- Born: July 24, 1918 Near Lyman, Washington, U.S.
- Died: December 19, 2008 (aged 90)
- Spouse: ; Percy Woodcock ​ ​(m. 1936, divorced)​ ; Bob Coy ​(m. 1942)​ ; Henry Donald Hilbert ​ ​(m. 1945, died)​ ;
- Children: 3

= Vi Hilbert =

Native American tribal elder (1918–2008)

Vi Hilbert (taqʷšəblu; ; July 24, 1918 – December 19, 2008) was an Upper Skagit elder and conservationist of her traditional culture and of the Lushootseed language, of which she was the last fully fluent heritage speaker. She taught Lushootseed at the University of Washington for 17 years (1971–1988), where she also transcribed and translated Lushootseed recordings from the 1950s. This work is preserved in the university's audio library.

Hilbert was an enrolled member of the Upper Skagit Indian Tribe, a tribe located in Skagit County, Washington. She was named a Washington Living Treasure in 1989, and received a National Heritage Fellowship from the National Endowment for the Arts, presented by President Bill Clinton, in 1994. She co-wrote Lushootseed grammars and dictionaries, partially with linguist Thom Hess, and published books of stories, teachings, and place names related to her native region, the Puget Sound (x̌ʷəlč).

== Early life and education ==
Vi Anderson was born to Charlie (ʔadsəd) and Louise (tsi sqʷux̌ʷaɬ) Anderson on July 24, 1918, near Lyman, Washington (slux̌ʷ), on the Skagit River. She was the only one of their eight children to live past the age of 3. Her parents spoke Lushootseed with each other and their friends, which encouraged the young Hilbert to begin to learn the language. Her father was a fisherman, a logger, and a canoe maker, whose canoe the "Question Mark" is housed in the Smithsonian Museum Archive. Hilbert's family mainly traveled by canoe when she was a child. She went berry picking with her family during the summers, and often went fishing with her dad at night on the Skagit River for King salmon, chum, silvers, and steelhead.

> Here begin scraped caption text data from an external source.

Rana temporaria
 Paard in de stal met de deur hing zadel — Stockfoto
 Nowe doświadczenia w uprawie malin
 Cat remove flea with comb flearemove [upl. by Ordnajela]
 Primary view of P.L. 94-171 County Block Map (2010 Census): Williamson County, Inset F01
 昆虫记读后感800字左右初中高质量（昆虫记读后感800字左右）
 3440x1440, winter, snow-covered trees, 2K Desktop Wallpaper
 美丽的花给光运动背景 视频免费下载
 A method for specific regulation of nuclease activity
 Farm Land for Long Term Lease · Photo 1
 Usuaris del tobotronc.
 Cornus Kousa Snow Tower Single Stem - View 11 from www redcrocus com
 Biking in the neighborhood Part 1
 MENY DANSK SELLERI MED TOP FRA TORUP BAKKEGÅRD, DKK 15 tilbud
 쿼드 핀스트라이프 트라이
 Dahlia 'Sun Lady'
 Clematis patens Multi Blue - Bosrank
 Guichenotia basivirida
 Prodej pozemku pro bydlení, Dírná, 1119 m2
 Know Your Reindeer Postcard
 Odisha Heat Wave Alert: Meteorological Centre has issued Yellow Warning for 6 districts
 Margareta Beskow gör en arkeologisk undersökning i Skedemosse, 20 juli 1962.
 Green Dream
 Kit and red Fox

The family moved frequently in search of work, which resulted in Hilbert attending 15 different schools. For a while, she attended a boarding school at Tulalip. This was a U.S. Government-run Indian residential school, which were known for their abusive treatment of students in an effort to erase their culture. A previous attendee of the Tulalip school recalled the whippings that students received for speaking in their native languages, which had the effect of causing their generation to only speak English: "Believe me, we never talked 'Indian' at the school again...I gave a talk somewhere to a group, and I explained the reason why we seldom spoke Indian: it was beaten out of us." Hilbert recalled of her own time at the school:^{:24-25}

Many people resented the discipline there. English was spoken—only—unless we were hiding in the corner there someplace talking to each other about
something we didn’t like. So very few people were speaking the language, they didn’t have to enforce it anymore. They had already got it out of the generation before me.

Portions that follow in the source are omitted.